Missing the Point

by Tommy on July 1, 2010

I just spent 2 and a half hours trying not to lose hope for the future of business leadership in America.

I am taking a Marketing Research class that is very much focused on the 1990′s method of business — which is fine.  That is what I expected, so was very surprised to get an assignment for a case study on what I would call a “new economy” case and assumed my classmates might be happy about it too.  I was wrong.

PlentyofFish.com (PoF) is a very popular and completely free online dating service.  Normally, I would not be discussing dating tips on FG, but there are important lessons for the future here.  This site was developed by Markus Frind and generates over $10 million in revenue without selling anything except ad space.
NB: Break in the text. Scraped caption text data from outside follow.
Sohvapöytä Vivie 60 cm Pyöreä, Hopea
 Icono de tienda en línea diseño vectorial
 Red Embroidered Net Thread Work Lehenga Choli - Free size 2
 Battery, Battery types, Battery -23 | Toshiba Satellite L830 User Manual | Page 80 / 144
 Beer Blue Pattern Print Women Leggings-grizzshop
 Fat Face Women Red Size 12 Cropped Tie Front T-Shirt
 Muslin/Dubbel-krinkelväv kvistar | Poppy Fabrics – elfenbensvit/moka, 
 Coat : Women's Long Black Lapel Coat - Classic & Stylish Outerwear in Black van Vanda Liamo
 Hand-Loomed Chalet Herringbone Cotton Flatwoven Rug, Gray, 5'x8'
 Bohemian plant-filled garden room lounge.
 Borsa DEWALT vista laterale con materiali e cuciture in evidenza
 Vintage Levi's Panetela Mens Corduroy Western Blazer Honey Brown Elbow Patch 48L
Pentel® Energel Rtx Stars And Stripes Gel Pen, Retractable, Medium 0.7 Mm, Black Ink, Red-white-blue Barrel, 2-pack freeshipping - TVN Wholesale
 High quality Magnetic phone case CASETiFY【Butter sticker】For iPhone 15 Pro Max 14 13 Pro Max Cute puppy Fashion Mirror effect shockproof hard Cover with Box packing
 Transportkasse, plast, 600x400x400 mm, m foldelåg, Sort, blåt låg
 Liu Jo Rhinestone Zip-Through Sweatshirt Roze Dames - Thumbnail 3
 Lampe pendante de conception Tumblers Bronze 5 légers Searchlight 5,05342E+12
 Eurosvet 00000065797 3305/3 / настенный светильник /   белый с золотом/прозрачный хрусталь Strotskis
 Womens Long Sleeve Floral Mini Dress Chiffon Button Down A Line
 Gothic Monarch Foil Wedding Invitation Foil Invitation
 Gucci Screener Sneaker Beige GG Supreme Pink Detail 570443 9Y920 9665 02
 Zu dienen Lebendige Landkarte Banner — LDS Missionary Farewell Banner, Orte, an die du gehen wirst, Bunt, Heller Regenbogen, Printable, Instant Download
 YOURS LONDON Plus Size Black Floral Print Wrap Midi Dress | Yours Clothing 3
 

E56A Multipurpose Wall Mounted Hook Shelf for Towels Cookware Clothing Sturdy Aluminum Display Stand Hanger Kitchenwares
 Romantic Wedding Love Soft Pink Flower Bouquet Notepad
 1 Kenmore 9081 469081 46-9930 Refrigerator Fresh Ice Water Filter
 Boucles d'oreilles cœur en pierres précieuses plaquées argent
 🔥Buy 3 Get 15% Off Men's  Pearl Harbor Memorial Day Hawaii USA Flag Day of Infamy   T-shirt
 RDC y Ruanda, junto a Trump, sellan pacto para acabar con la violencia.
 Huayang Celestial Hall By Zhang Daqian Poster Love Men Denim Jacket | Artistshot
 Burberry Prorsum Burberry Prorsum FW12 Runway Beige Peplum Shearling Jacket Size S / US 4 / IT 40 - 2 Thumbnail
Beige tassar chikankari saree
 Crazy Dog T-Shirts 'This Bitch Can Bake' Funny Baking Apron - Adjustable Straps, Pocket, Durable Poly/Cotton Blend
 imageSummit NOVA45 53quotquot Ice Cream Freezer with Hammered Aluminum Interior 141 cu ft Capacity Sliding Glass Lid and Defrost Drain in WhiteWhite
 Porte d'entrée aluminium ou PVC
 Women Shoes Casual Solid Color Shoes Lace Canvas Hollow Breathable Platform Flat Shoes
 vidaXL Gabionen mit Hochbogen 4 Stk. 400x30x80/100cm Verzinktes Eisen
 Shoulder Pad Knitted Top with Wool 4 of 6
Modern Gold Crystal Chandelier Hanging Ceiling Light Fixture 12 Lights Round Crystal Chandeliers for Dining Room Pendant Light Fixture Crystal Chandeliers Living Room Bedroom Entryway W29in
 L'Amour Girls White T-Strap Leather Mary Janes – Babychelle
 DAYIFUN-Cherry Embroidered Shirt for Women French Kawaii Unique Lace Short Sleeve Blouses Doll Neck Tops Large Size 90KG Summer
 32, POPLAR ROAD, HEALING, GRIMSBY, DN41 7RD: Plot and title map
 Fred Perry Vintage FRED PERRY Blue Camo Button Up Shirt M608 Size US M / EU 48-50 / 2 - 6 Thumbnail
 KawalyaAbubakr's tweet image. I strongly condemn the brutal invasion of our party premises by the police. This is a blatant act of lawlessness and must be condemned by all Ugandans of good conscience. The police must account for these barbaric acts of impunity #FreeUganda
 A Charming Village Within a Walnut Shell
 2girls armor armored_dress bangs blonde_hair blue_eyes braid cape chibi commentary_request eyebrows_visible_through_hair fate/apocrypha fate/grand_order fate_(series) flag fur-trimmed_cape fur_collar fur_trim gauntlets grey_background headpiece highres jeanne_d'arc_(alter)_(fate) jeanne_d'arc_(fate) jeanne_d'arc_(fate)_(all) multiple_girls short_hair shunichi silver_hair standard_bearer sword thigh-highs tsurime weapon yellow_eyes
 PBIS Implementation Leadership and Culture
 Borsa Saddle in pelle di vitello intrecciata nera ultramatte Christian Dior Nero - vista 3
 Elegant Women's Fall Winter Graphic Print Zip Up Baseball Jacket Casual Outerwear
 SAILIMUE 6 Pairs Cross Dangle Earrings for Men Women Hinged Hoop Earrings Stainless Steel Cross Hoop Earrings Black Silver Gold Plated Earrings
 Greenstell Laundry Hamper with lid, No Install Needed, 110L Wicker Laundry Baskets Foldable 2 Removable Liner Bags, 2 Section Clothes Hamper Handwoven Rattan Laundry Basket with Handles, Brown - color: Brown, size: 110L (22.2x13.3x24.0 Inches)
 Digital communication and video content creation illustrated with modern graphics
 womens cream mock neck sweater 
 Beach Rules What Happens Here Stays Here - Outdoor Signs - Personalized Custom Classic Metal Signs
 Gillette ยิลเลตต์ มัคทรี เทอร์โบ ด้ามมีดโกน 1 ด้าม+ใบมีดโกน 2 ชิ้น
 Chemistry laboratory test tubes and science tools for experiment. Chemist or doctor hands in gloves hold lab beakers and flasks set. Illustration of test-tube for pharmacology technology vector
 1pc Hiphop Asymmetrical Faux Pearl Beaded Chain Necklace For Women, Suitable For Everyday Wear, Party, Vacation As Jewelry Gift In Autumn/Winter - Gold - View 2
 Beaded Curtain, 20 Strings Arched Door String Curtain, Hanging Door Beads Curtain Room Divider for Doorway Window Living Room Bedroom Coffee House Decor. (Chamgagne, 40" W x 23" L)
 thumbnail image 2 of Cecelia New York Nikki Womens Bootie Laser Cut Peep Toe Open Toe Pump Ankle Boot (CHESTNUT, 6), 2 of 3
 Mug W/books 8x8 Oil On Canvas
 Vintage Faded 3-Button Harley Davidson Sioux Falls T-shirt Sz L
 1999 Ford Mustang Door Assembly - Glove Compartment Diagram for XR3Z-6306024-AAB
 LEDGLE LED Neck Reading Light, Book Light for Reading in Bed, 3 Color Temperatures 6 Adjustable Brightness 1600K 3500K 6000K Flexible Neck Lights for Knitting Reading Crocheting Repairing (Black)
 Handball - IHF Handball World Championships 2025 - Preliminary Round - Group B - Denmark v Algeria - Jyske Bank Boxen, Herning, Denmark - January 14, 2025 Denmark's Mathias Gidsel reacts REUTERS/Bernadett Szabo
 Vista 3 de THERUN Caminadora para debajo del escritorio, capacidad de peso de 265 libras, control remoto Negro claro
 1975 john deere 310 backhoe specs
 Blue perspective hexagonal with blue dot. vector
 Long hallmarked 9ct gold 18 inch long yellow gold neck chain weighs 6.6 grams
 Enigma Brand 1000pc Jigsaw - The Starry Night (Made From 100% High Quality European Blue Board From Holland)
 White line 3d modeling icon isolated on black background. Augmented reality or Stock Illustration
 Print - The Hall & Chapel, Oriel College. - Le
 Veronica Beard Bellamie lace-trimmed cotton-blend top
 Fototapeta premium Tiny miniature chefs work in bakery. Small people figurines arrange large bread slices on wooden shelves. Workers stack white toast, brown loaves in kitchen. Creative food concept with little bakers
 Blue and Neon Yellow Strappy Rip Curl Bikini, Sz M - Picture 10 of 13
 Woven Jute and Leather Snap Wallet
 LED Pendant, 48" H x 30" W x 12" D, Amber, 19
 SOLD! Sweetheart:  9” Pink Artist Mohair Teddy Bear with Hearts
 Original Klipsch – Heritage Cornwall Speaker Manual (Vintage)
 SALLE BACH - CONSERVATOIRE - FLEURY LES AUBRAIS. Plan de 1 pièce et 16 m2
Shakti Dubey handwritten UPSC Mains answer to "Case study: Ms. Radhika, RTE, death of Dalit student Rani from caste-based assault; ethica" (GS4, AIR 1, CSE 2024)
The thing about PoF is that it works better than paid matchmaking sites because its users are very robust and interactive.  Regardless of your views of finding love on a website, PoF generates a strong following because it works.  Frind saw a problem, learned a programming language, then solved it for free.  PoF is more a piece of art than a business which is very unsettling for Harvard case study writers, university professors, and apparently young 20-something MBA students.

As my classmates and professor tried to crack the puzzle of how something like this could actually make money, the discussion eventually went predictably into how it could make more money (infinite growth paradigm).  Some of the conclusions were that PoF was an anomaly that had succeeded almost purely on luck (statistical modeling), PoF could be a billion dollar business if “properly managed” (6 sigma), and PoF should be charging for its service (microeconomic theory).

Missing the point.

One of my all time favorite books is To Kill a Mockingbird by Harper Lee.  Do you think Lee “mismanaged” this book?  Do you think To Kill a Mockingbird is washed up because it’s no longer on the best seller list?  Do you think Lee was purely lucky?  Of course not.  To Kill a Mockingbird provides value.

There is plenty of brilliance that goes unnoticed and unsupported, but I think one of the benefits of our transitioning socioeconomic condition is that things like purpose, art, meaning, and brilliance are becoming more valuable and worthy of our attention.  People are transitioning to a more personal experience of meaning, and we need to support this.  We need to find the cherry buried in 5000 pounds of dung.  The internet has created a giant pile of crap intermixed with gleaming jewels of insight and connection that just leveled a playing field of peer-to-peer interaction and trade.  In other words freedomguerrilla.com takes up just as much pixel space as goldmansachs.com.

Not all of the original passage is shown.